Frequently, the unit of staging that is used to transfer information between the back store and the cache is larger than the size of a typical request. Consider, for example, a Load instruction being executed by the processor that requests data for 4-bytes beginning at a specified memory location where the bits stored there will be interpreted as an integer value. When the processor determines that these 4-bytes are not currently residing in the cache, this causes the processor to fetch the entire cache line containing those specific memory locations. The processor may even need to fetch the next cache line from memory if the 4-byte field cross the cache line boundary. The processor must wait until the staging operation for the entire cache line completes before it is then able to complete the execution of the original instruction. During the staging operation, memory is accessed and the data these memory locations contain is transferred across the memory bus to the processor cache. This memory bus is a resource that can be subject to delays if there are too many concurrent requests due to contention. Similarly, with virtual memory, the operating system fetches a full page of data, normally 4K bytes, from the paging file from disk, not just the four bytes associated with an integer value stored in virtual memory that was referenced, causing the page fault. When the Load instruction references an operand in a virtual memory page that does not currently reside in physical memory, that corresponds to a cache Read miss operation for virtual memory.

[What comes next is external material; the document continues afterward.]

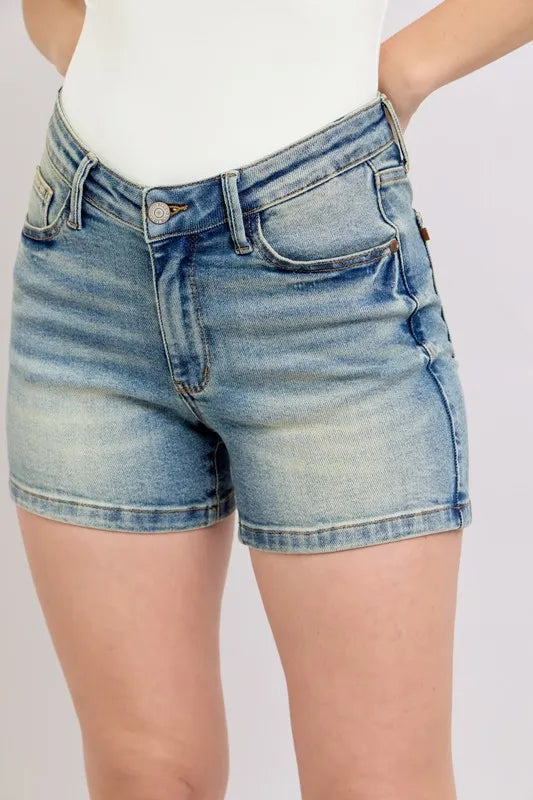 Judy Blue V-Front Vintage Wash Shorts MD / S MD / M MD / L MD / S-MD / M-MD / L-MD / 2XL-MD / 3XL-MD / 1XL-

Writes. Writes that are cache misses can be handled in one of two ways. The simplest approach is to apply the update directly to the back-store, ignoring the cache. This is also known as a Write-Around policy. The second method, which is called Write-through for reasons that become apparent in a moment, accesses the back store to bring the memory location requested into cache first where the update is then applied. The effect of s Write-through policy is to transform Write misses into Write hits, which are then handled in one of two different ways: Write-Through or deferred Write-Back

Essentially, for Write hits, the back-store can be updated immediately (Write-through), or, instead, a lazy write policy can be implemented that defers the back-store update until a later point in time (which corresponds to the deferred Write-Back policy). If the Write-Back policy uses lazy-write, it is OK to defer the update, but the update must ultimately be applied, otherwise the data on the back-store is inconsistent with the Requestor’s view of that data. Note that the Requestor has received status back from the storage subsystem immediately that the Write request was handled successfully, even though the update of the back-store has not yet taken place. In effect, the notification serves as a guarantee that the update will be applied to the back-store eventually. I will have lots more to say about this cache coherence problem that arises whenever it is possible for multiple Requestors to request access to a common back-store entity a in later section. In order for the cache to be truly transparent, it is necessary to maintain a single, consistent (i.e., coherent) view of the data stored in the back-store. 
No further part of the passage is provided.